5. Nominate some hits. Time was, many best picture nominees were also bona fide hits. That makes for an engaging awards show, since a popular movie means more fans who may care enough to tune in and root for it. Over the last decade, voters’ preferences have favored artsy indie fare, and viewers have drifted away en masse. From its “Titanic” high of 57 million viewers in 1998, the Oscarscast has dwindled steadily, drawing just 42 million viewers in 2010 and 37 million last year. In each case, that’s 0.028 viewers for every box-office dollar earned by the combined best picture nominees. If that calculus holds true, this Oscar Sunday will attract just 17 million viewers, a ratings disaster.
That’s not to say that pandering to fan favorites guarantees high viewership. The People’s Choice Awards routinely rubber-stamps popularity rankings already available from Nielsen rankings, box-office reports and Billboard charts. Despite such no-duh decisions as Adam Sandler’s favorite-comic-film-actor prize, viewership for last month’s show fell to 9 million viewers, the second-lowest ever. But when movies combine artistic respectability and mass appeal, as the “Harry Potter” finale did, why shouldn’t Oscar voters throw their paying customers a bone?
6. Get a live-wire master of ceremonies. Is there a human being on the face of planet Earth who is excited at the prospect of watching an exhumed Billy Crystal scuttle through a musical number and spout godforsaken Bruce Vilanch one-liners?
Though the Golden Globes film nominees came from the same pool of little-seen movies as the Oscar contenders, January’s telecast drew 17 million viewers, just a tiny dip from 2011. The key factor was returning host Ricky Gervais, who turned the previous year’s event into a blisteringly funny celebrity roast, playing to the viewers, not the glitterati in the room.
The best opening monologue in Oscars history was Chris Rock’s 2005 performance, as he tore into Michael Moore, Morgan Freeman, Sylvester Stallone and George Bush. Wouldn’t you cancel your Sunday night plans to watch Sarah Silverman or Stephen Colbert go all catty on the crowd at the Kodak Theatre?

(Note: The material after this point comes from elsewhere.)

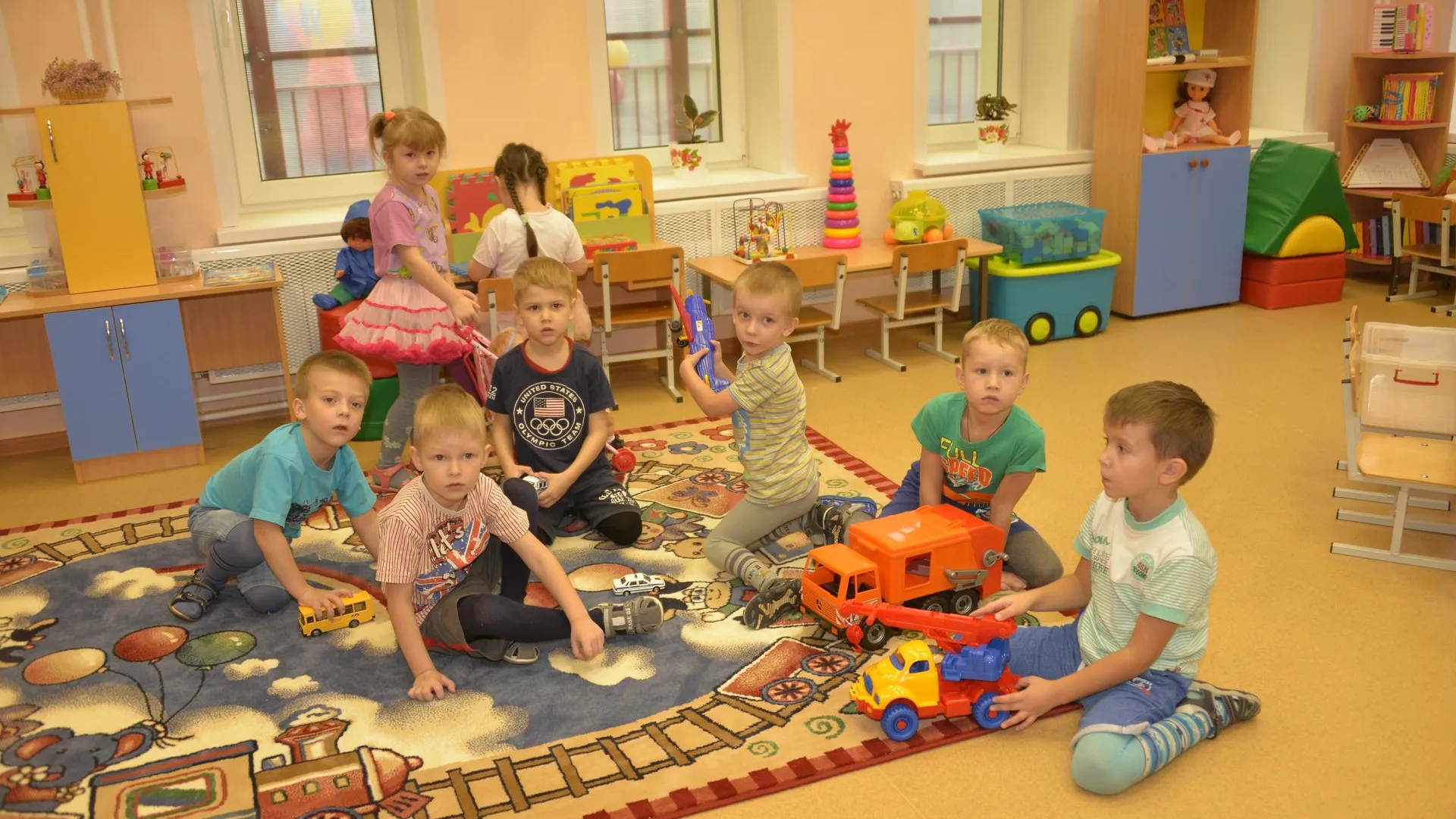 Родители детей‑инвалидов в Подольске пожаловались на нехватку мест в детсадах и школах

7. Include terrible movies on purpose. Not in the best picture competition — we’ve already been through that scenario with “Crash.” Open a new category in which the people who made the most unforgivable films of the year face off for a chance to apologize to moviegoers worldwide. Shouldn’t we hear some contrition from the people who gave us “Jack and Jill” or “Bucky Larson: Born to Be a Star” or “Zookeeper”? Oh wait, those were all Adam Sandler projects …

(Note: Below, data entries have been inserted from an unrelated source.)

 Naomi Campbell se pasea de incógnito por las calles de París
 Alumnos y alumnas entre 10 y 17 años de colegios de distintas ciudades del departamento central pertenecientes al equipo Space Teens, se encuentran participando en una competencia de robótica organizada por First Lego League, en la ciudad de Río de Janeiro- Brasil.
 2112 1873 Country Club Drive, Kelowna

8. No more opening envelopes. You would think an industry composed of storytellers would know this, but opening envelopes is not dramatic. Instead, make the voting process transparent and pick winners by applause-o-meter. That way we’ll get a sense of how much support there was for the runners-up. And we’ll find out if the nominees who “don’t really believe in competition between artists” applaud for themselves.

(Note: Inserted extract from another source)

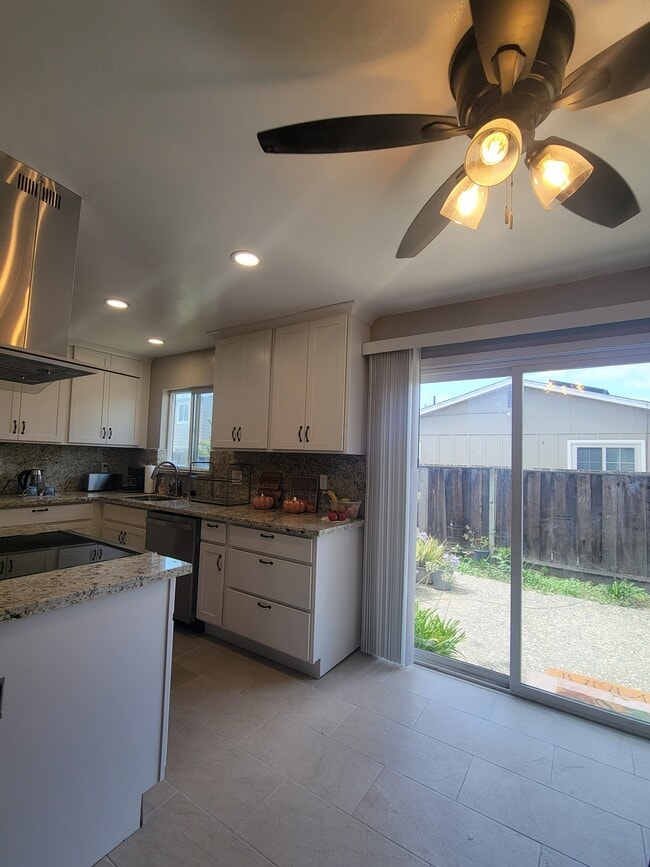 Building Photo - 35411 Orleans Dr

9. Rename the best-animated-feature prize the Pixar Award. Just go ahead and do it already.
10. Quit turning the stars into designer mannequins. Take away their stylists. We know from extensive research in Us magazine that left to their own devices, actors dress like complete idiots, or musicians. Stop providing them with conservative outfits in exchange for a red carpet plug, and maybe we’ll see more Bjork-style dead swan gowns. Let’s see Melissa Rivers deal with two hours of “Project Runway” nightmares.
11. Offer rebuttal time to losers. Wouldn’t you like to know what Helen Mirren and Meryl Streep were really thinking when Sandra Bullock won best actress in 2009 for “The Blind Side”?
12. Revamp the acting categories. The Globes break out comic performances from drama. The time has come for the Oscars to level the playing field with one category for actors playing characters with mental or physical impairments and one for everyone else. It’s only fair.